Berger on wine: Parallel brands allow room to grow
Healdsburg’s David Ramey, one of the world’s finest winemakers, is pioneering a new category of wine: the parallel brand.
The idea hearkens back to the older idea of second labels, a wine industry tradition that began in the 1870s in Bordeaux. Second labels were adopted in California in the 1970s, and for a time the category had a major market impact here for bargain hunters.
Second labels were a prestige winery’s lower-priced version of its main label, intended to offer good value for a wine that wasn’t up to the standard of the main label.
In Bordeaux, some of the finest houses developed second labels, like Pavillon Rouge of Chateau Margaux and Carruades de Lafite-Rothschild. In most cases, the wines weren’t from the primary (mature) estate vineyards, but were from the same varieties from younger vines, made by the same winemakers.

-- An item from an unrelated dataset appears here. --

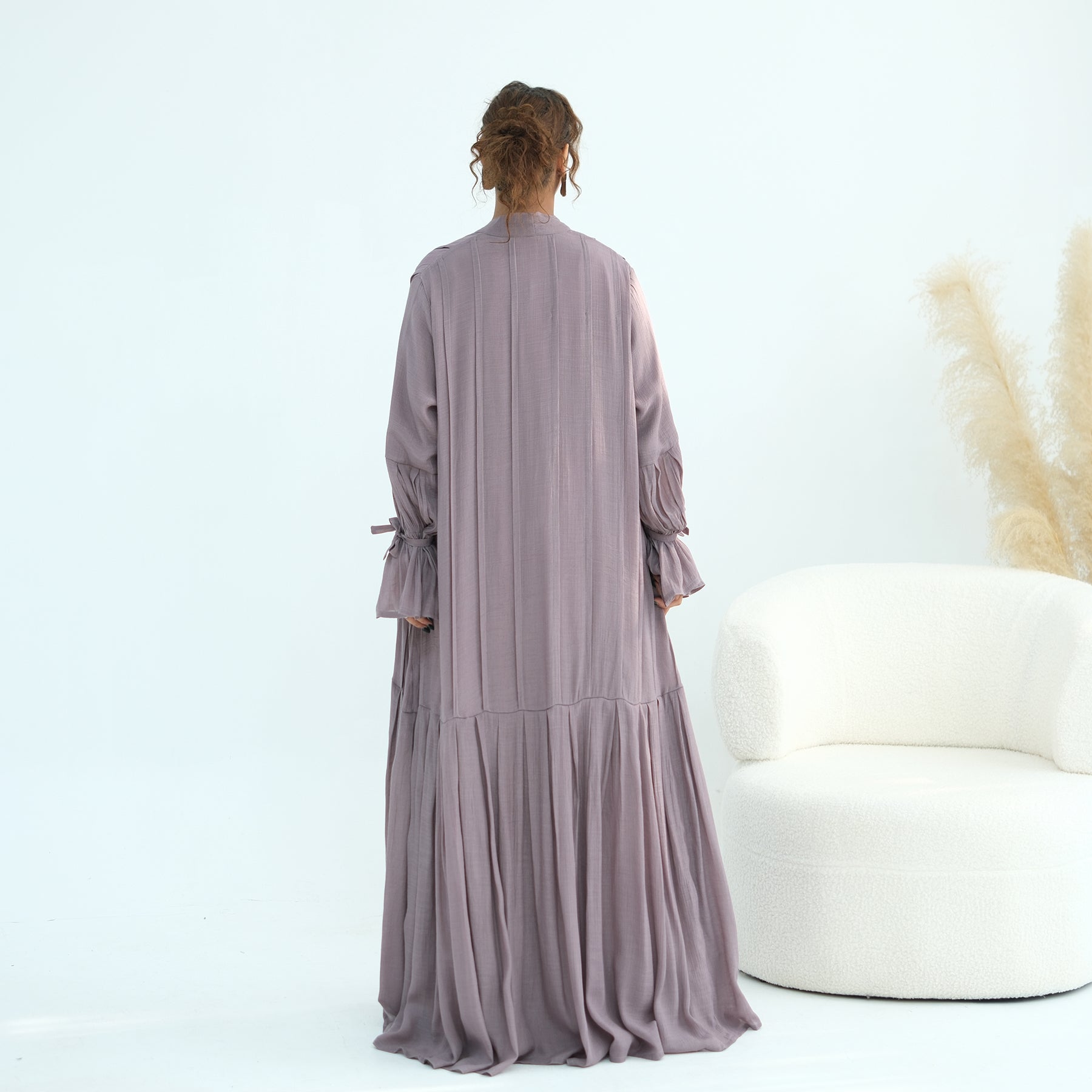 Loriya pleated cardigan with lining + scarf two-piece set LR1139, elegant and commuting style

As good values, they eventually grew into a serious category and by the 1980s, many budget-conscious Americans swore by the quality of Bordeaux second wines.
California wineries adopted the idea when prices for the top wines rose above what most consumers could afford. Prices for top 1974 Napa cabernets had risen to the exalted level of $7.50 per bottle (a lot back then.) Second labels could be sold for $4.50, and they commanded much attention.
Most had less cellar-aging and were simpler but often represented great value. As a result, the market began seeing wines like Chalone’s “Chaparral” Chardonnay priced a lot less than Chalone Chardonnay. And quality was very good for the price.
Other second labels of the day included Bell Canyon (Burgess), Bel Arbor (Fetzer), LaBelle (Raymond), Riverside Farm (Foppiano), Hawk Crest (Stag’s Leap) and many others. (Some second labels are no longer being used.)
In most cases, second-label wines were varietals that mirrored the primary label. For example, if the primary brand had a chardonnay, cabernet, merlot, and sauvignon blanc, so did the second label, occasionally from purchased fruit or from young vines.
Second labels began to decline in the last two decades as larger wineries simply created new, stand-alone brands at different price niches. If a winery’s main line sold for $35 a bottle, it might create additional lines to sell for $20, $13 and $10 (or less).
In most cases, the primary brand’s name wasn’t mentioned on the label, and some second lines had no connection to the primary brand.
Some were perfectly happy to let consumers know who made the wine. Examples include Novy, a brand developed by Adam and Dianna Lee of Siduri years ago, and Decoy, Duckhorn’s value-oriented line.
Add to that list the multi-labeled diversity of Mendocino’s Greg Graziano, who has four different lines: St. Gregory (homage to Burgundy), Monte Volpe (aimed at Tuscan and Friuli styles); Enotria (styled after Italy’s Piemonte), and the California-esque Graziano brand.
Now enter a new category of “second” wine: the parallel brand, supported by Ramey and other top-rate wineries. This is a relatively new phenomenon that allows wineries that specialize in some wines to delve into other things without competing with themselves.
One of the best is Cathy Corison’s small Corazón and Helios brands. This parallel project doesn’t clash with Corison’s main focus, which is stylish Napa Valley cabernet.